Group turnover for H1 rose 7% to NZ $10bn due to commodity prices and higher volume sales (+5% y/y), driven by strong demand for branded consumer products and ingredients (the latter turned over NZ $8bn in H1, +10%).
Challenging retail environment
But within the firm’s consumer business in Australia and New Zealand, revenues fell 4% to $2bn year-on-year, while EBIT (earnings before interest and tax) fell 19% y/y, with Fonterra blaming a “challenging retail environment, and an ongoing pricing battle that has resulted in pressure on major suppliers margins”.
The performance of its wider consumer businesses was mixed, Fonterra said, since a strong New Zealand (NZ) dollar impacted its Asian/African, Middle Eastern and Latin American business.
Fonterra CEO Theo Spierings said Fonterra’s strategy refresh had set its course for the next decade, with strong consumer brand positions in selected markets a key focus.
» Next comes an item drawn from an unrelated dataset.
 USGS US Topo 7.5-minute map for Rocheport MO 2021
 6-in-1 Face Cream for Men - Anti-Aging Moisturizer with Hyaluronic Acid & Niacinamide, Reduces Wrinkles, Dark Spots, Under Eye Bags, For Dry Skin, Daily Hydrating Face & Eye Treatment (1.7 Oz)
“We have sharpened our focus and made choices around the geographies and product portfolios that will deliver the best growth opportunities,” Spierings said.
“Particularly those in the emerging markets of China, Asia and Latin America, where we can leverage our strengths from milk sourcing through to branded sales.”
Spierings said that Fonterra’s standard and premium ingredients business had seen higher sales volumes, and a 10% increase in average US dollar sales prices, leading to a normalised EBIT 44% up on H1 2011.
He said: “We are now seeing the benefits of our focus on managing volatility in the business, with more favourable contract agreements, a closer pricing alignment between our sales book and the spot market, and targeting sales of products that deliver greater value.”
Record export levels
Fonterra chairman Sir Henry van der Heyden said that good spring and early summer growing conditions in NZ has meant strong production growth and record milk volumes – up 10% on H1 2011 – as well as record production and export levels.
“International dairy prices softened after the highs of last year but remained relatively stable throughout the first half of the year," van der Heyden said.
"These prices were supported by strong demand for quality dairy ingredients in emerging markets across a number of Asian economies, as well as Brazil and China, offsetting economic uncertainty in Europe,” he added.